[Entries taken from a collection]
━━━━━━━━
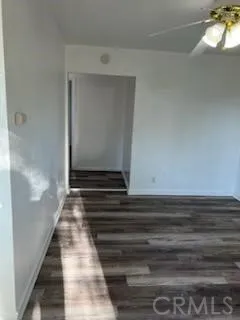 $2,595 | 205 Navajo Road, Perris, CA 92570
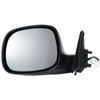 Replacement Mirror - image 1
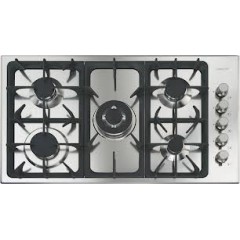 PIANO COTTURA FOSTER PROFESSIONALE 7245 062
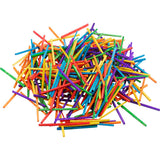 Https: www.cchobby.nl cerillas-l-5-cm-varios-colores-4300-piezas-500-gr-1-caja-564908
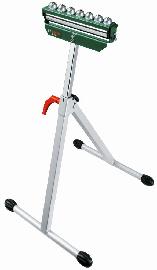 Bosch Systemzubehör PTA 1000 Produktbild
━━━━━━━━
▸ Task objective
What is needed is a word-for-word copy of the data above, free of any images.

▸ Answer to this task
 $2,595 | 205 Navajo Road, Perris, CA 92570
 Replacement Mirror - image 1
 PIANO COTTURA FOSTER PROFESSIONALE 7245 062
 Https: www.cchobby.nl cerillas-l-5-cm-varios-colores-4300-piezas-500-gr-1-caja-564908
 Bosch Systemzubehör PTA 1000 Produktbild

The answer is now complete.